Here is the task for the records below: repeat exactly the lines from the one with "a man smoking" to the one with "Full view of", both included, and nothing else.
--- START ---
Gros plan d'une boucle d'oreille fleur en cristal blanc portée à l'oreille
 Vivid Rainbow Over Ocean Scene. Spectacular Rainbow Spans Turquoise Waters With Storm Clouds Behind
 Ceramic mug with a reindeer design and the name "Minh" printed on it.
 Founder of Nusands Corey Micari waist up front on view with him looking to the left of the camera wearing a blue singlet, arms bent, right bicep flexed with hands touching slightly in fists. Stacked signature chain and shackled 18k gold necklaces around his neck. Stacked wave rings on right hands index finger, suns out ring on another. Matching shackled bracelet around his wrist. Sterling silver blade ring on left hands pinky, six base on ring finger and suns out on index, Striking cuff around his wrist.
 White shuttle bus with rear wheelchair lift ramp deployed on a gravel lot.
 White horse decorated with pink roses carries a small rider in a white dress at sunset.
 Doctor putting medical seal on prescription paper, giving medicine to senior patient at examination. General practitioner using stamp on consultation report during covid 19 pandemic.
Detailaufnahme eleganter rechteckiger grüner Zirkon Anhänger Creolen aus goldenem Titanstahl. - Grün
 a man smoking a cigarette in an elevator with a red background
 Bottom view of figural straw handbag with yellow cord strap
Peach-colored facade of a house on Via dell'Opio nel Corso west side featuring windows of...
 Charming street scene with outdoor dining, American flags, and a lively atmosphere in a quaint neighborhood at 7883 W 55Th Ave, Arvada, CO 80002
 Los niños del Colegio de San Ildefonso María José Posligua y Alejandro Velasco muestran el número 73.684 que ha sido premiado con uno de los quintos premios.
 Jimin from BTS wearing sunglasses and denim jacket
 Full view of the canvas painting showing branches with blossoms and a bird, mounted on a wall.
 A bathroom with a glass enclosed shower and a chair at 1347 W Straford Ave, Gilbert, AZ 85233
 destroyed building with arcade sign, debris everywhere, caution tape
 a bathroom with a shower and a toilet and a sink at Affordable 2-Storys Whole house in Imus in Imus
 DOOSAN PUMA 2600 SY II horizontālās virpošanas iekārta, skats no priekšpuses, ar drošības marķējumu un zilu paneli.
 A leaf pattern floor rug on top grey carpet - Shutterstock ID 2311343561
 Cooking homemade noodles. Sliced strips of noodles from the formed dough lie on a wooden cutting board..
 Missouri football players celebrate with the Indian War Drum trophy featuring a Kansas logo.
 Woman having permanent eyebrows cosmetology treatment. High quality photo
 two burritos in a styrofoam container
--- END ---
● Your solution
 a man smoking a cigarette in an elevator with a red background
 Bottom view of figural straw handbag with yellow cord strap
Peach-colored facade of a house on Via dell'Opio nel Corso west side featuring windows of...
 Charming street scene with outdoor dining, American flags, and a lively atmosphere in a quaint neighborhood at 7883 W 55Th Ave, Arvada, CO 80002
 Los niños del Colegio de San Ildefonso María José Posligua y Alejandro Velasco muestran el número 73.684 que ha sido premiado con uno de los quintos premios.
 Jimin from BTS wearing sunglasses and denim jacket
 Full view of the canvas painting showing branches with blossoms and a bird, mounted on a wall.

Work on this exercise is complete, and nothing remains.